La montagna abruzzese continua a spopolarsi. La montagna abruzzese attrae solo turisti della domenica e nemmeno tanti. La popolazione abruzzese, ormai, da anni tende a concentrarsi lungo la costa. Le dinamiche demografiche trovano spiegazione, prevalentemente, nei fattori economici, ma anche nei meccanismi sociali e culturali. La gente va dove ci sono lavoro, commercio, sviluppo economico; dove ci sono servizi (trasporti, scuole, asili, ospedali, uffici postali); dove la burocrazia è meno farraginosa. I giovani hanno bisogno di cultura, di strutture e di associazioni capaci di produrla (teatri, cinema, auditorium). La gente si concentra dove per riscaldarsi durante l’inverno non occorre una parte cospicua del reddito prodotto con il lavoro; dove per spostarsi da una località a un’altra con i mezzi pubblici non si debba spendere un’intera giornata; dove gli anziani possono trovare centri sociali e strutture di aggregazione.

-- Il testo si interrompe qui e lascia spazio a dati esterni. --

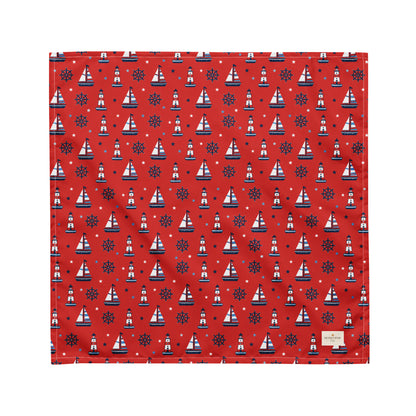 Captain's Companion dog bandana featuring a nautical sailboat and lighthouse pattern on a red background by HoneyPaw Pets.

Tutto questo nelle zone interne si trova in sedicesimo rispetto all’area costiera dell’Abruzzo. Coloro che vivono all’interno di fatto si trovano in una condizione di oggettivo svantaggio economico, sociale e culturale. I ceti dirigenti del passato per le zone interne hanno immaginato, giustamente, uno sviluppo legato alla valorizzazione della risorsa ambientale. Questa scelta è stata riconfermata anche in anni recenti. “Abruzzo Regione Verde d’Europa” si disse con uno slogan che doveva attrarre risorse nazionali ed europee nelle aree interne dell’Abruzzo. Niente di tutto questo. Le risorse non sono arrivare o solo in minima parte, mentre i vincoli sono rimasti tutti interi: quelli urbanistici, produttivi, turistici. Conservare la natura è un bene fondamentale, ma agli abitanti delle aree protette bisogna restituire in termini di politiche specifiche quello che con l’altra mano si è tolto in termini di pari opportunità di sviluppo. Invece, le politiche per la montagna sono state prevalentemente considerate un fastidioso e antistorico modello assistenzialistico da gettare al più presto alle ortiche. Del resto gli abitanti delle zone interne è vero che per riscaldarsi spendono molto di più di coloro che vivono lungo la costa, ma risparmiano sui trasporti pubblici che non ci sono (tratte ferroviarie dismesse, strade dissestate e ostruite da frane e smottamenti o bloccate da neve durante l’inverno). È vero che spendono di più per vestirsi, ma risparmiano sulla spesa grazie all’autarchia alimentare (orticello e pollaio dietro casa). Insomma, a voler essere obiettivi le opportunità tra chi vive lungo la costa e chi, invece, si ostina a rimanere all’interno, sono parimenti assicurate. Non è responsabilità di nessuno se l’intero apparato industriale della regione si trova concentrato sulla costa; se l’agroindustriale delle zone interne si è dissolto come neve al sole.
Più che lamentarsi gli abitanti della montagna dovrebbero ringraziare i nostri assennati politici (e non solo quelli di oggi) se possono ancora godere di un’aria salubre e di ambienti incontaminati: una vita idilliaca che gli abitanti delle grandi città pagherebbero a peso d’oro. Accomodatevi.